Bildquelle: Lovelybooks.de

Autor: Matt Whyman
Verlag: Goldmann
ISBN-10: 3442480159
ISBN-13: 978-3442480159
Seiten: 377

Oberflächliches: Das Cover ist ja mal einfach zum entzückt Quietschen, oder? Ich nehme das Buch manchmal in die Hand, einfach um es selig anzulächeln; ich habe mich wohl in die beiden Knuffis verliebt…
Das Buch besteht aus drei Teilen, die jeweils mit (leider etwas kleinen) Schwarzweißfotos der beiden Hauptcharaktere eingeleitet werden.

Handlung: In diesem Buch erzählt der Autor davon, wie er mit seiner Familie zwei Minischweine aufzieht, was sich schwieriger gestaltet, als anfangs geplant. Nicht nur, dass mit der Katze, dem Hund und den Hühnern der tierbedarf der Familie recht gedeckt scheint, auch Stress mit den Nachbarn ist zu erwarten, und als die Idee aufkommt, man könne doch Minischweine züchten, geht das Chaos erst richtig los…

Das Buch ist lockere, unterhaltsame Lektüre für Zwischendurch, gerade das richtige um nach einem stressigen Tag in der Schule, Uni oder Arbeit zu entspannen.
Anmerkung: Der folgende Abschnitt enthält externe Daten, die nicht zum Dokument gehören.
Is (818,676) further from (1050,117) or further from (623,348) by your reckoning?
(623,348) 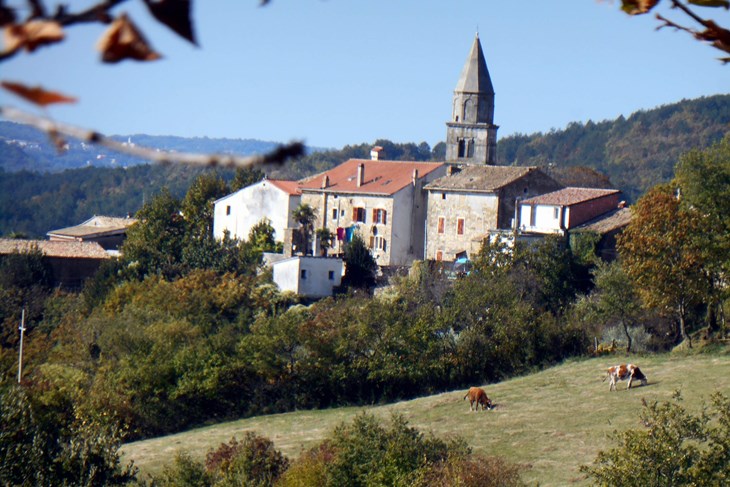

Bei manchen Episoden – wie der durch die Ankunft der Schweinchen vollkommen traumatisierten Katze – hoffe ich für das Wohl des Tieres, dass für den Lacherfolg etwas übertrieben wurde, doch gelang es eigentlich jedem Kapitel, mich zum lächeln zu bringen.
Sehr schön fand ich, dass nicht nur das trubelige Treiben der Schweinchen im Fokus stand, sondern man auch Episoden aus dem Leben der Familie Whyman erfuhr, die amüsierten und auch zu Herzen gingen.
Zwar ist man am Ende vielleicht etwas desillusioniert, was den Irrtum „was klein und niedlich ist, mach auch wenig Probleme“ betrifft, doch wenn einem das aus so witzige Weise nähergebracht wird, kann man sich ja auch nicht beklagen!

Für wen? Für alle, die Minischweinchen schon immer unglaublich niedlich fanden, und gerne wissen möchten, wie es sich mit ihnen lebt. Und für alle, die lockere Entspannungslektüre suchen, und nicht auf seichte Liebeskomödien zurückgreifen wollen.